The section devoted to the coalition’s action program states that it is crucial to upgrade the Law of Ukraine “On Political Parties in Ukraine” and codify pertinent Ukrainian legislation.
In particular, the signatories undertake to hold elections to the VR and to local self-government authorities on different dates, upgrade the proportional election system, including local elections, introduce a clause concerning the confederation of parties based on the European standard, and raise the barrier to five percent during parliamentary elections.
EXPERT OPINION
Iryna BEKESHKINA, sociologist and senior research fellow at the Institute for Social Studies, Democratic Initiatives Foundation:
Two point seven percent isn’t much. It means that the most committed people went to the polling stations and others simply didn’t make it there. They were too lazy. All the polls indicated that the “against everyone” percentage would be much higher: five or even six percent. But even then I said that these people simply won’t come to the polling stations.
I think that this protest manifested itself in a considerably lower turnout. We analyzed the reasons why people don’t want to vote: 60 percent because they no longer trust anyone, any parties, any politicians.

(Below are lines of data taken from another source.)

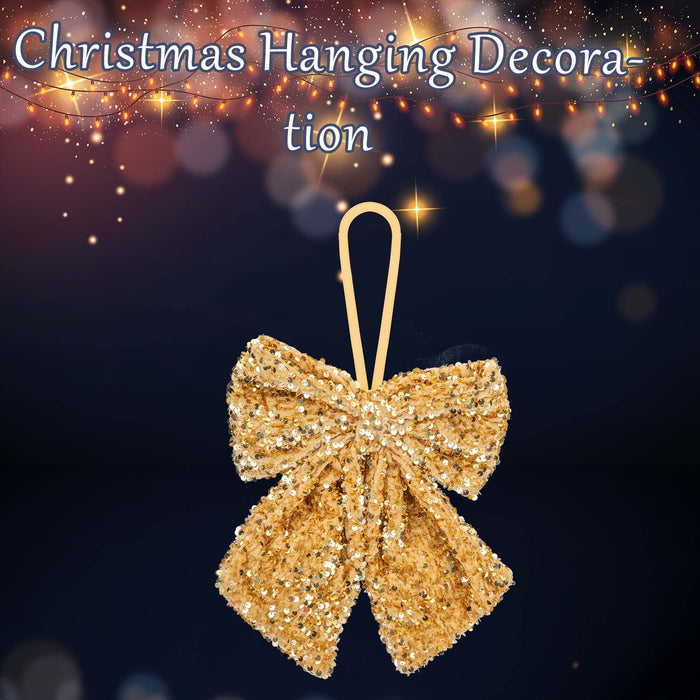 Christmas Sequins Bow Hanging Decoration 30cm x 22cm Gold X 1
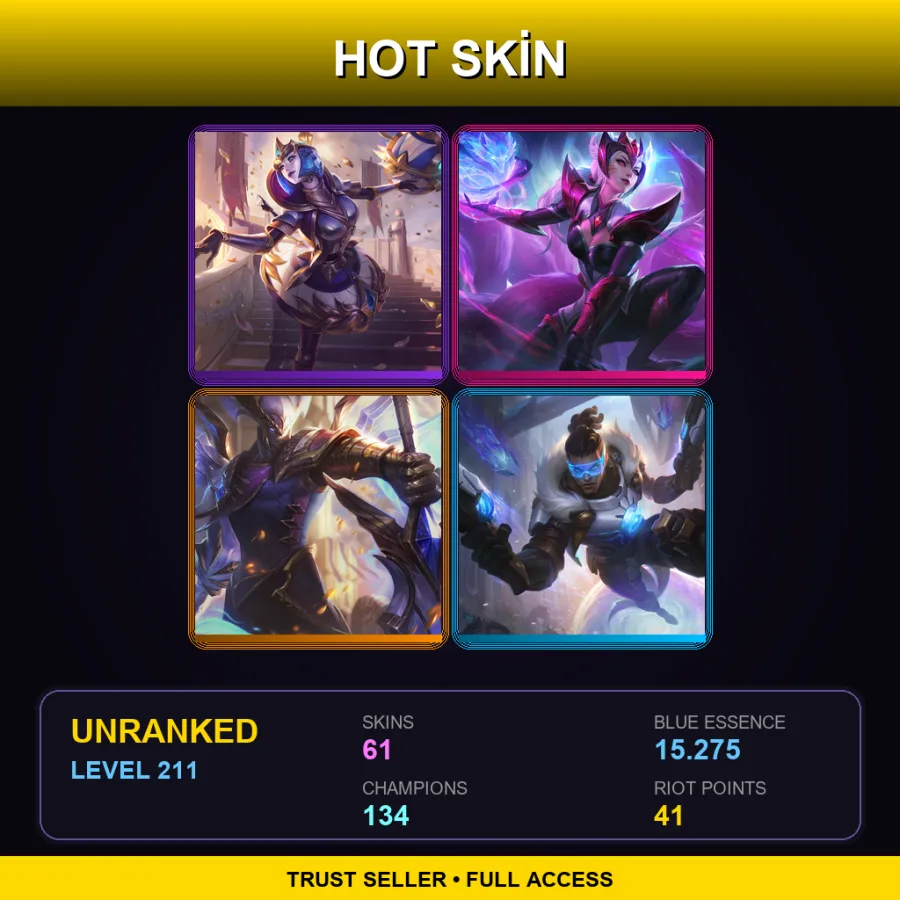 LAS | Lv211 | Unranked | 61 Skin | 134 Champ — LoL account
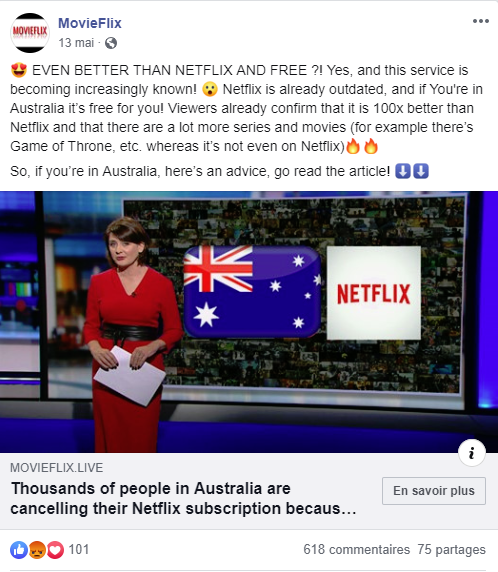 Movieflix publication Facebook
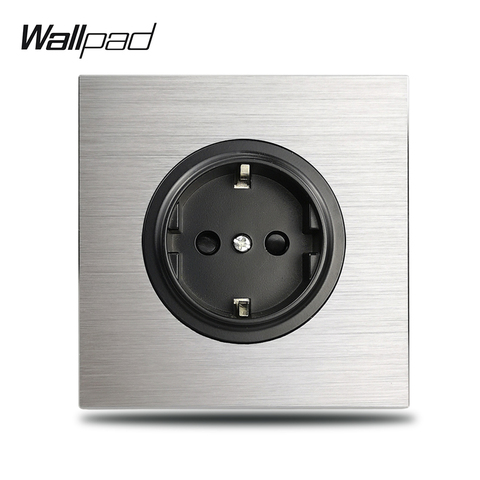 Wallpad L6 Grey Single 16A EU Wall Electric Socket Silver Aluminum Plate 1 Gang Power Outlet Brushed Metal Panel ► Photo 1/6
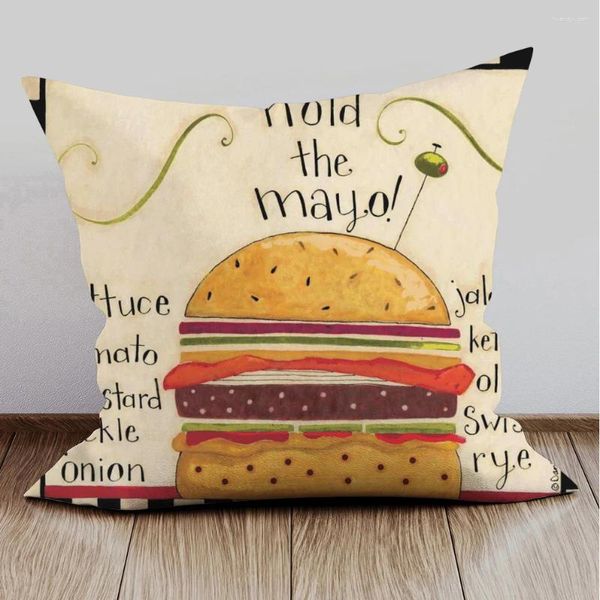 Almohada Hamburguesa Huevos Café Retro Póster Cubre Hogar Amigos Palabras en inglés Caja decorativa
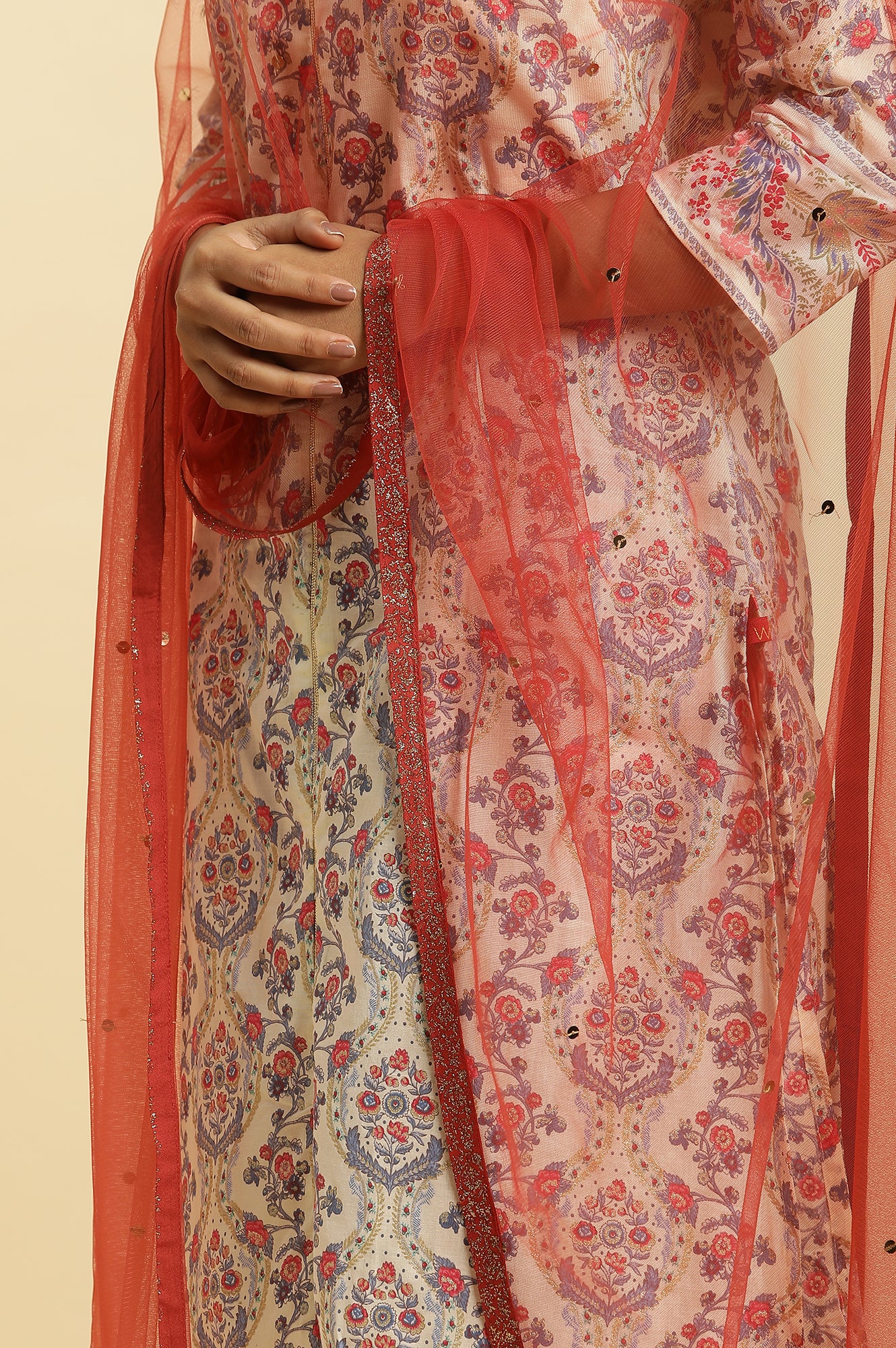 Red Solid Glitter Tape Border Sequined Mesh Dupatta
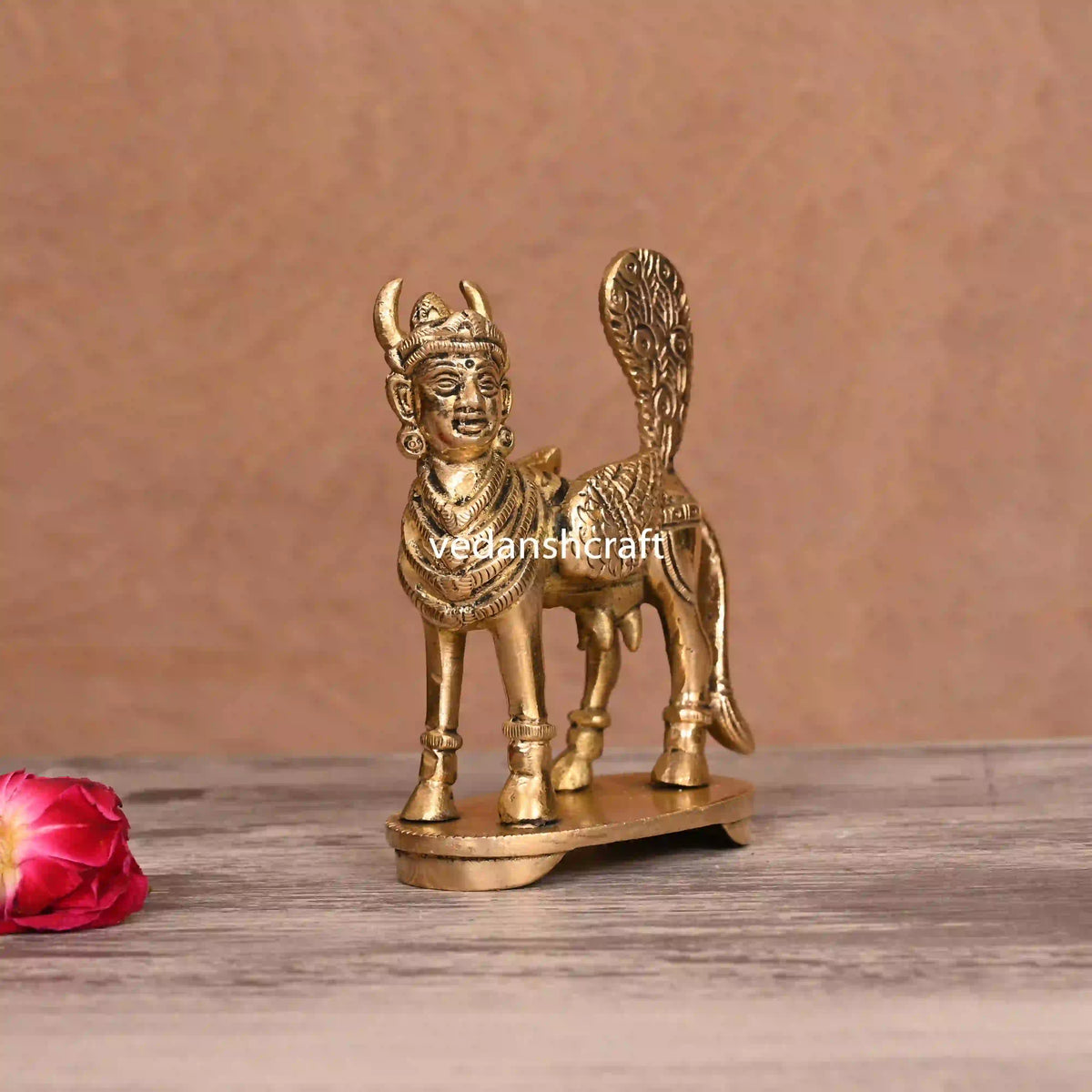 Brass Kamdhenu Cow Idol (4.5 Inch) Vedansh Craft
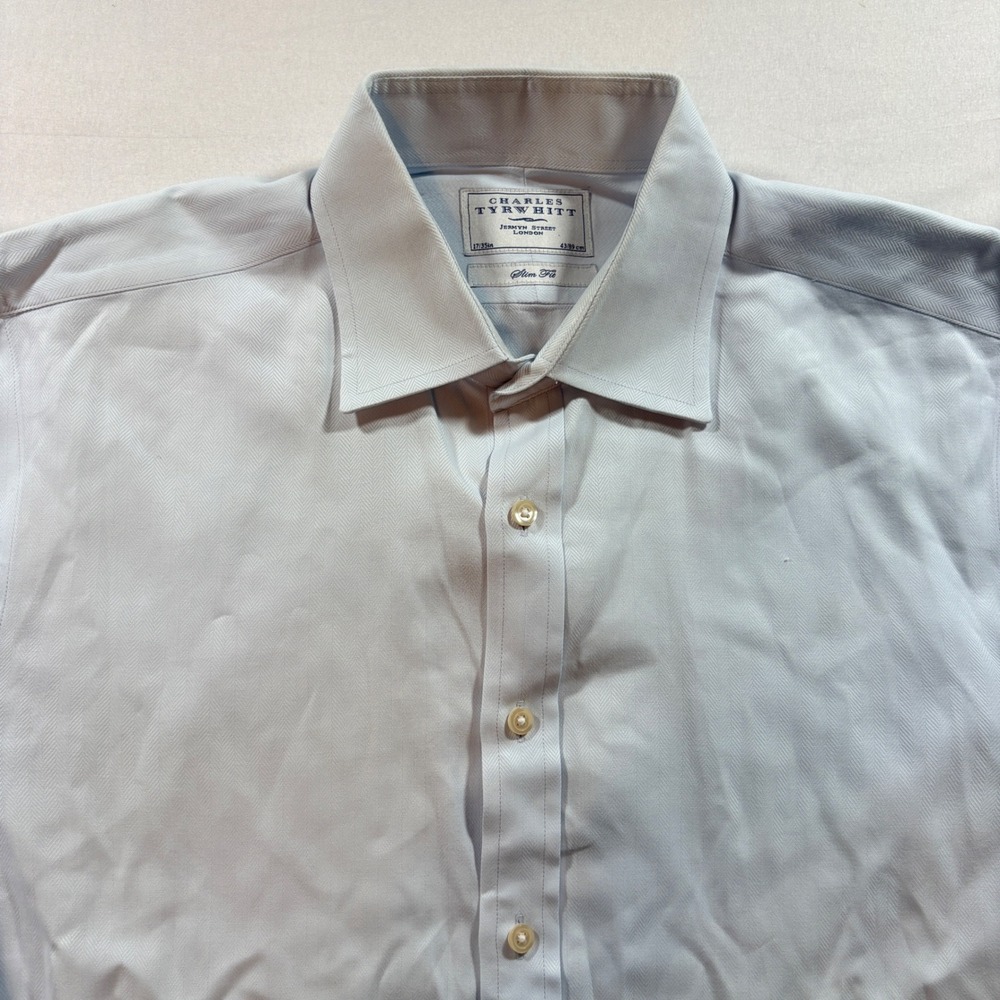 Charles Tyrwhitt Dress Shirt Mens 17/35 Slim Fit Blue Herringbone French Cuff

But 2.7 percent is anything but a dangerous trend. It is dangerous when the turnout decreases. In other countries - ones we call democratic - the turnout can drop in three cases. First, when people no longer care, when nothing is changing; second, when everything is more or less normal, so there is no sense in wasting energy and time going to the polling station; third, when nothing is normal and people realize that the situation will be bad whether or not they cast their ballots.
In this respect, European countries are very different. In the Scandinavian countries the turnout is up to 80 percent and this doesn’t surprise anyone. In Poland, even when it came time to put the country’s EU membership to the vote, the turnout was a mere 53 percent. And this was critical because 50 percent is the required minimum.